Ryan Harrington is a Principal within the Vehicle Engineering Practice at Exponent, Inc. Having worked directly on the development of automotive technologies and federal regulations, Mr. Harrington specializes in the analysis of complex technical and policy issues while fostering collaboration between industry executives, senior government officials, and engineers related to the deployment of automated vehicles, advanced driver assistance systems (ADAS) and fuel saving technologies. Prior to joining Exponent, Mr. Harrington was a Division Chief at the U.S. DOT’s Volpe Center where he led a cross-functional team focused on the deployment of emerging transportation technologies. In this role he initiated and co-authored a report reviewing Federal Motor Vehicle Safety Standards (FMVSS) as they relate to automated vehicles and he led the development of technology assumptions and engineering analyses used to develop Corporate Average Fuel Economy (CAFE) standards. Prior to joining the Volpe Center, Mr. Harrington worked at Cummins Inc. and Delphi Automotive Systems. Mr. Harrington holds a master’s degree in Automotive Engineering from the University of Michigan and a bachelor’s degree in Mechanical Engineering from the University of Nebraska.
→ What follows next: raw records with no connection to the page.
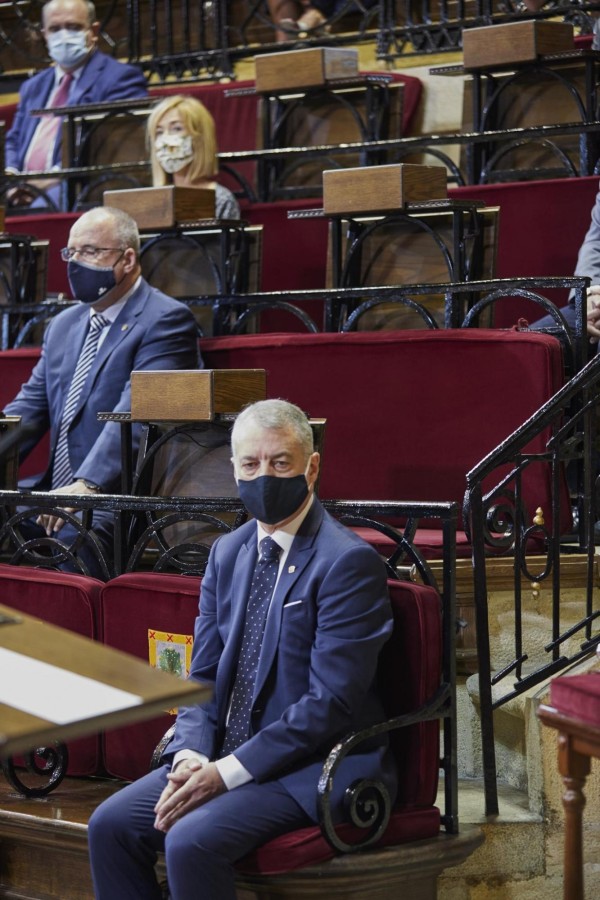Iñigo Urkullu lehendakariak Gernikako zuhaitzaren azpian egin du karguaren zina - 2020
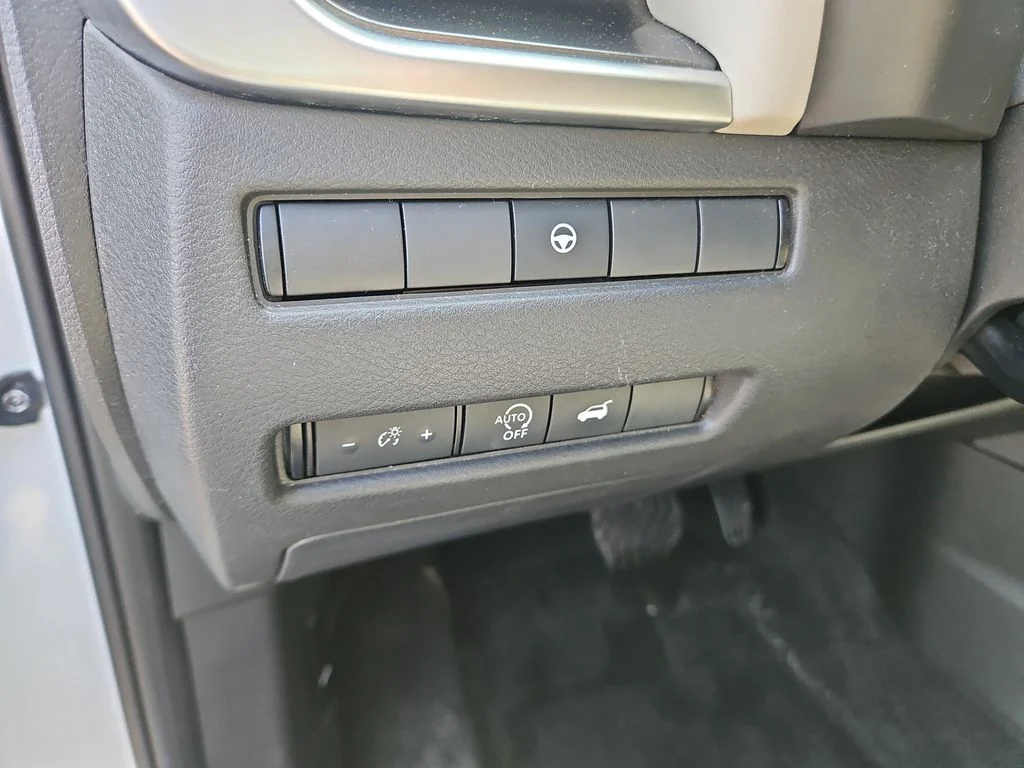 Used 2025 White Nissan SV image 26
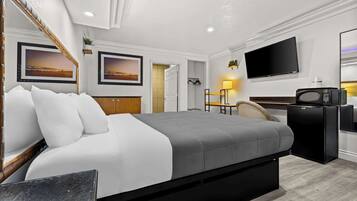 Room, 1 King Bed, Accessible, Non Smoking | Free WiFi, bed sheets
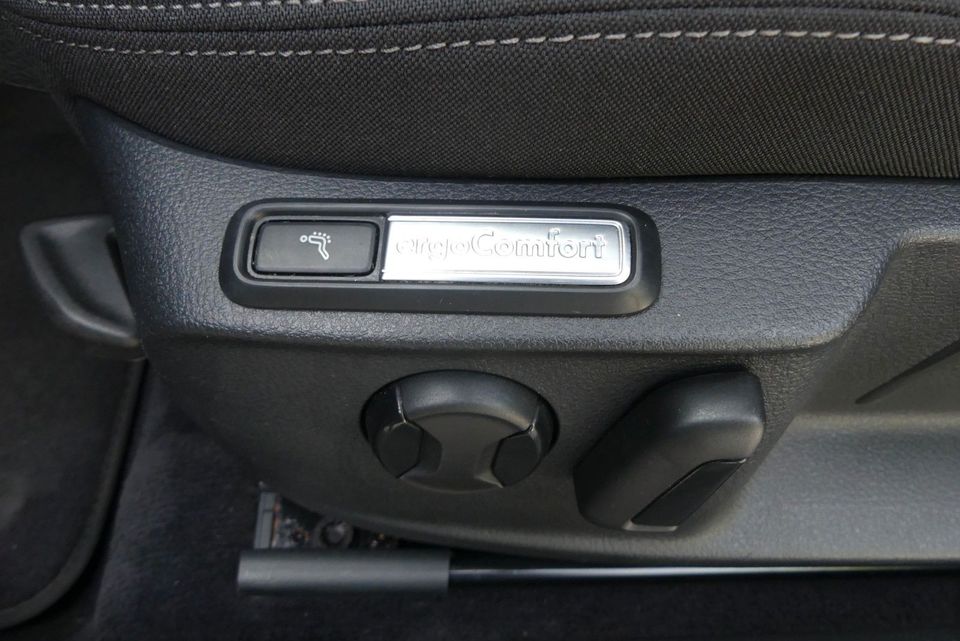 Volkswagen Passat Variant Comfort 2.0 TDI*Navi*ACC*Cam*AHK in Rheda-Wiedenbrück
The media frenzy surrounding automated vehicle technology and autonomous vehicles seems to be shaping unrealistic consumer expectations, at least for near-term deployments. This is compounded by the fact that increased technology complexity drives larger differences between consumer understanding and reality, leading to potential misuse. This presentation will focus on discussing the following questions. What role will instructions and warnings play in setting realistic consumer expectations? How can consumer education and marketing be used to shape more realistic expectations and thus more successful automated vehicle deployments?

Shawn KIMMEL, Ph.D., Lead Engineering, Booz Allen Hamilton
Shawn Kimmel is a robotics and automation engineer with over 10 years of experience developing automated vehicle (AV) technology and policy. He currently supports AV research at US DOT, including testing and standards. He obtained his graduate degrees from Virginia Tech and Colorado School of Mines, and previously researched vehicle automation for DARPA, RAND Corporation, National Academies, and Caterpillar. Notable accomplishments include leading testing and evaluation for DARPA Urban Challenge team Victor Tango (3rd place), developing system requirements for Caterpillar’s automated load-haul-dump and drilling machines, and serving as a technology policy adviser in US Congress, including drafting automated vehicle legislation that was passed into law in 2015.

Automated driving systems (ADS) present many challenges to existing vehicle testing and certification approaches in the US. The US DOT is undertaking research to identify potential testing frameworks and standards to support ADS safety assurance. This talk will discuss research to develop objective and repeatable test cases and scenarios for highly automated vehicles. Factors that are considered in test case development include ADS functionality, operational design domain (ODD), object and event detection and response (OEDR) requirements, and fail-safe/ fail-operational mechanisms. An analysis of the technical standards landscape will be discussed, which includes identifying the needs and gaps in technical standards for safety assurance.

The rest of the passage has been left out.